I do not know that I appreciate the hon. Member's point. At any rate, the taxation of profits, he would agree, is a form of conscription, because conscription means making people do things whether they like it or not. But the taxation of profits, of course, can be carried on without the reduction of capital. I would ask hon. Gentlemen opposite to consider these points before they inscribe this proposal finally upon the party banner. I ask them to think whether or not these really elementary considerations must not, at least, be met, before it is possible to declare that the scheme is practicable.

Mr. David Grenfell

May I ask the right hon. Gentleman a question before he leaves that point?

Sir J. Simon

I have not left it yet.

Mr. Grenfell

I would ask him, then, what rate of interest or yield upon capital he is assuming for the purposes of his illustration, and how does that relate to the actual return on capital?

Sir J. Simon

I will take any return the hon. Member likes, if he thinks I have not allowed a sufficient return on capital.
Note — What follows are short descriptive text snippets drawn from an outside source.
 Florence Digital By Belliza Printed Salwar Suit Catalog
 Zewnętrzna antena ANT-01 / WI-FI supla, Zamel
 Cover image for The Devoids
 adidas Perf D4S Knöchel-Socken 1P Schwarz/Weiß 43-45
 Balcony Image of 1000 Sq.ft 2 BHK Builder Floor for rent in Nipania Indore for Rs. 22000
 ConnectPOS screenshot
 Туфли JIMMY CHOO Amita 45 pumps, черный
I was expressing it in terms of income as 10s. in the £Does he suggest that it should be more than 10s. in the £—perhaps 20s. in the £? My point is a simple one—that you cannot, in fact, add to our system of taxation, a levy of so much percent., whatever it may be, annually on estates and at the same time preserve the system of taxation which we have at present. Indeed, the right hon. Gentleman's proposal to put 2 percent. or 3 percent. tax annually on estates is, if I may say so without offence, only a very clumsy alternative to Death Duties. Now Death Duties are paid when the estate passes and there are great conveniences in that. For one thing, you can take a very big "whack" and it is worth doing. For another thing, at that moment when the estate passes, the State has power to demand that tax as a condition of conferring the property on the executors, and that is what it does. There is, therefore, great convenience in doing it at that time, just as there would be considerable inconvenience in doing it at any other time. I am not saying that you could not, in time, value all the estates in the country once a year, but it is certain that in many cases it would take more than 12 months to do it, and when it was finished you would have taken year by year a certain percentage as an alternative to taking a big lump of the estate when it passes at death.
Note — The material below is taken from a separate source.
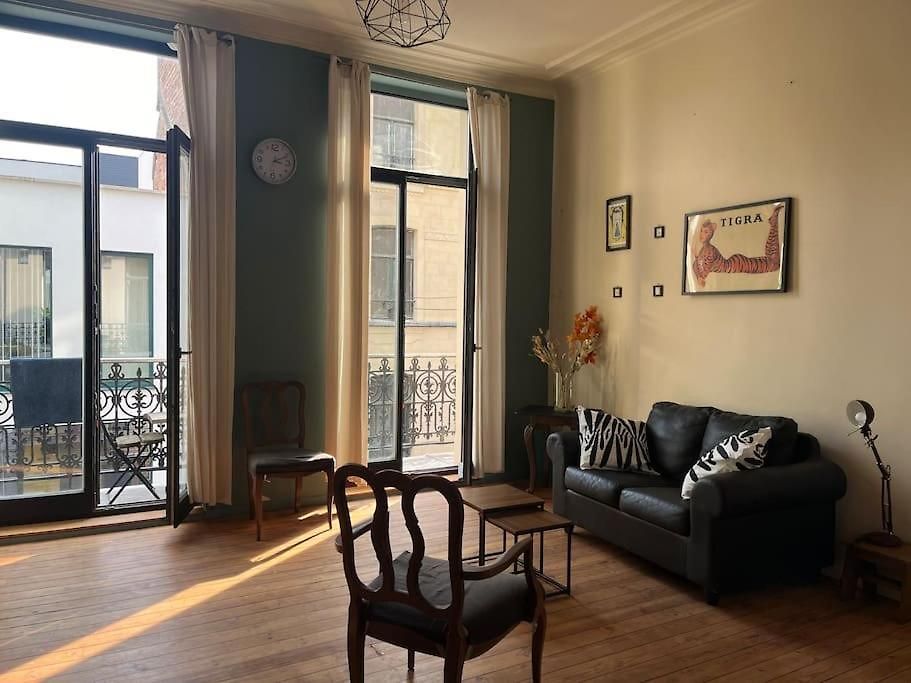 Nina's Place In The Center Apartment Brussels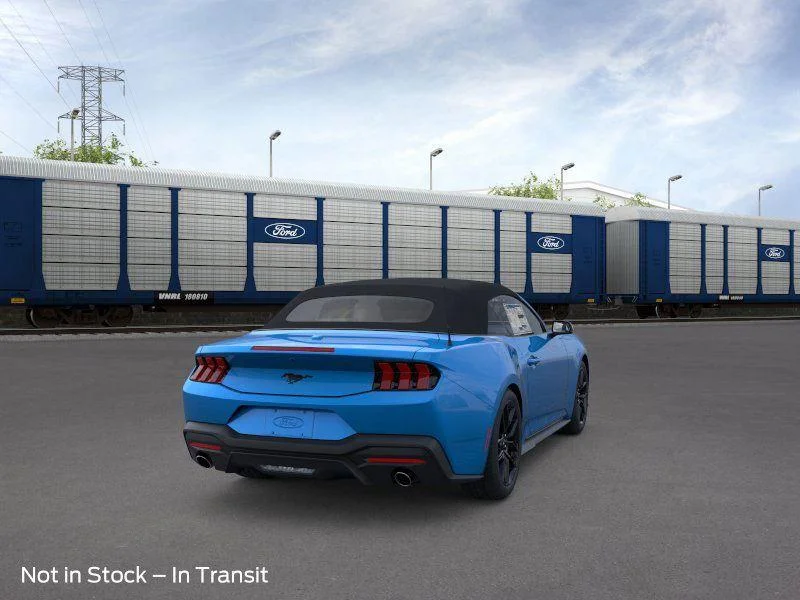 New 2026 Grabber Blue Metallic Ford EcoBoost® Premium Convertible image 8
I, therefore, ask the right hon. Gentleman, whose ability I fully recognise, whether he really has improved on the proposition of the capital levy ordinarily so-called in attempting to make a charge every 12 months. I do not want to say more about it to-night, but it appears to me that you cannot have these two duties together, and you must make up your minds whether you prefer to collect as much as you can, or as much as you think right, when the estate passes, or whether, as an alternative, you prefer to pick it up in annual bits. The idea that you can do it several times over without destroying all confidence and creating, and rightly creating, the knowledge that this is pure confiscation, I cannot for the life of me understand.

Mr. Alexander

That was exactly the argument used against Sir William Harcourt.

Sir J. Simon

I am not sure that the right hon. Gentleman is as familiar with that argument as I am, because I have read those Debates within the last week. Let me develop the argument a little further. The right hon. Member for Keighley elaborated it on this line. He thought that there is, under our present system, no sufficient difference in taxation between earned and unearned income. Well, of course, if you are limiting yourselves to Income Tax, we know what the difference is. It was, I believe, on the authority of Mr. Gladstone, thought to be impossible to make the distinction, but none the less it was introduced, and most successfully introduced—I think in 1907—by Mr. Asquith when he was Chancellor of the Exchequer; and I may say that, to the best of my knowledge, there has never been any litigation on that subject at all, which makes it a very remarkable performance.

But, of course, it is completely fallacious to imagine that all that matters is the difference between taxing earned income and taxing unearned income. What I think the right hon. Gentleman the Member for Keighley failed in his argument to observe was that unearned income proceeds from savings or from inherited property, and accumulated savings are the subject of another tax, namely, Death Duties, which must be added to the annual tax on unearned income. If you have two people, one of whom is earning a certain income year by year, like a successful professional man, and the other of whom is deriving a similar income from accumulated savings, it is not true that those two persons are taxed the same or that the difference is merely the difference between a tax on earned income and a tax on unearned income. You cannot compare a man with income alone with another man with income plus capital by looking solely at Income Tax and ignoring the heavy tax on capital, and what I do not think the right hon. Member for Keighley had sufficiently in mind was that the real distinction between earned income and unearned income in the realm of taxation is not merely the difference between different rates of Income Tax, but that when unearned income is being enjoyed as being the fruit of savings or investments, then that property also falls under the tax called Death Duties or Estate Duties, whenever the property passes. It is foolish, therefore, I think, to say that the difference is so limited as the right hon. Gentleman thought.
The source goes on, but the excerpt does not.